To sum up all this functionality, they will be implemented inside a class. The constructor will receive the set of Xs and Ys, and using that will derive Q.

In [57]:
class DualSVMProblem:

    def __init__(self, Xs, Ys, C, epsilon = 10e-4):
        self.X = Xs
        self.Y = Ys
        self.C = C
        self.a = np.zeros(Ys.shape[0])
        self.e = np.ones_like(self.a)
        self.epsilon = epsilon

        mat = np.stack([Ys.T] * Xs.shape[1], axis = 1)
        
        Z = Xs * mat
        self.Q = Z @ Z.T

        self.d = self.Q @ self.a - self.e

    def getA(self):
        return self.a
        
    def getDerivative(self):
        return self.d    

    def getMostViolatingPair(self):
        self.directions = self.d / self.Y
        min_idx = -1
        min_value = np.inf
        max_idx = -1
        max_value = -np.inf

        for i in range(len(self.a)):
            if (self.a[i] > self.epsilon and self.Y[i] == 1 and self.directions[i] < min_value):
                min_value = self.directions[i]
                min_idx = i
            if (self.a[i] < self.C - self.epsilon and self.Y[i] == -1 and self.directions[i] < min_value):
                min_value = self.directions[i]
                min_idx = i
                
            if (self.a[i] > self.epsilon and self.Y[i] == -1 and self.directions[i] > max_value):
                max_value = self.directions[i]
                max_idx = i
            if (self.a[i] < self.C - self.epsilon and self.Y[i] == 1 and self.directions[i] > max_value):
                max_value = self.directions[i]
                max_idx = i

        if min_idx == -1 or max_idx == -1:
            return None
                
        return (min_idx, max_idx)

    def updateA(self, idx1, a1, idx2, a2):
        self.d = self.Q[idx1] * (a1 - self.a[idx1]) + self.Q[idx2] * (a2 - self.a[idx2]) + self.d
        self.a[idx1] = a1
        self.a[idx2] = a2

    def getParameters(self):
        mat = np.stack([self.a.T * self.Y.T] * self.X.shape[1], axis = 1)
        w = np.sum(mat, axis = 0)
        b = 0
        for i in range(len(self.a)):
            if(self.a < self.epsilon or self.a > self.C - self.epsilon):
                continue
            b = 1 / self.Y[0] - self.w @ self.X[0]
            break        
        return (w, b)

class SVM:
    def __init__(self, w, b):
        self.w = w
        self.b = b

    def __call__(self, x):
        return np.sign(x @ w + b)

In [58]:
# Let's test the code with some artificial data
X = np.array([[1, 2, 3], [4, 5, 6]])
Y = np.array([1, -1])
C = 5

# The safe way to calculate matrix Q
Q = np.zeros((2, 2))
for i in range(2):
    for j in range(2):
        Q[i][j] = Y[i] * Y[j] * X[i] @ X[j]

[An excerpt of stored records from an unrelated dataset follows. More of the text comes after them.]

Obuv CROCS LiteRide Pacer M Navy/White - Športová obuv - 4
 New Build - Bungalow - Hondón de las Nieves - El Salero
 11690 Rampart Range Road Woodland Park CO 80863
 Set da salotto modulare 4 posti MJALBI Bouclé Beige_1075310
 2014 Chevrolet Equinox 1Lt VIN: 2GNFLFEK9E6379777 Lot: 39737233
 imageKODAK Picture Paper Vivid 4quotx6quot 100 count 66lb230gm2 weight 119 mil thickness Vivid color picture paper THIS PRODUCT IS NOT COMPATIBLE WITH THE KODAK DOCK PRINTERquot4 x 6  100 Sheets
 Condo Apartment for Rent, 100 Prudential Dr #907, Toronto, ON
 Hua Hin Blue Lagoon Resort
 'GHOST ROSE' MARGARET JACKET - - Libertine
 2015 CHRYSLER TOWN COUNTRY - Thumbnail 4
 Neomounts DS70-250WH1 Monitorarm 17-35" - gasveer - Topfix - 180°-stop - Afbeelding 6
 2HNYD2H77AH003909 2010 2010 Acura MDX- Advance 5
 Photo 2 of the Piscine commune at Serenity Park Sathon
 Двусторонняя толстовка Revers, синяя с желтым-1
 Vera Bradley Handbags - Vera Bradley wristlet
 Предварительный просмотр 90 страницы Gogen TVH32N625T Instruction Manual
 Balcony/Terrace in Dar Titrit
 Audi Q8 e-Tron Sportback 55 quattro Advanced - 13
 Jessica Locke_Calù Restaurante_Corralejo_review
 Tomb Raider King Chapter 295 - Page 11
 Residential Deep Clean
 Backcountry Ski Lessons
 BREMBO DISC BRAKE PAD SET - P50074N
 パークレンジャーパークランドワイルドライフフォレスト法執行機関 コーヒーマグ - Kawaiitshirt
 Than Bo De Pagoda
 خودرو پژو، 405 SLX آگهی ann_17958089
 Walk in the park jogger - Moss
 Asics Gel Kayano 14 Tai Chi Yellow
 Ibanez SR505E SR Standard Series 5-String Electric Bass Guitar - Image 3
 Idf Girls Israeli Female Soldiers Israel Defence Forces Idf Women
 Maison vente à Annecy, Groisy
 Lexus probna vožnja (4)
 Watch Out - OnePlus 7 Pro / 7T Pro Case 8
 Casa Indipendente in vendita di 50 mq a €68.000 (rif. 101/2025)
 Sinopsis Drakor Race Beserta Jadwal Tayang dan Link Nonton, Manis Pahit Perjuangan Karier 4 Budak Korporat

problem = DualSVMProblem(X, Y, C)

ok = True
if ((Q != problem.Q).all()):
    print("The matix calculation is wrong")
    
if ((np.array([-1, -1]) != problem.getDerivative()).all()):
    print("The derivative function if wrong")

update = np.array([1, 2])
problem.updateA(0, update[0], 1, update[1])

if ((Q @ update - np.ones(2) != problem.getDerivative()).all()):
    print("The updates of variables doesn't update the derivative in the right way")

elements = problem.getDerivative() / Y

if not (problem.getMostViolatingPair()[0] == (1 if elements[0] > elements[1] else 0) and problem.getMostViolatingPair()[1] == (1 if elements[1] > elements[0] else 0)):
    print("The calculation of the most violating pair is wrong")
    # This test is a bit odd and not exaustive, but can help

if ok:
    print("Everything is working as expected!")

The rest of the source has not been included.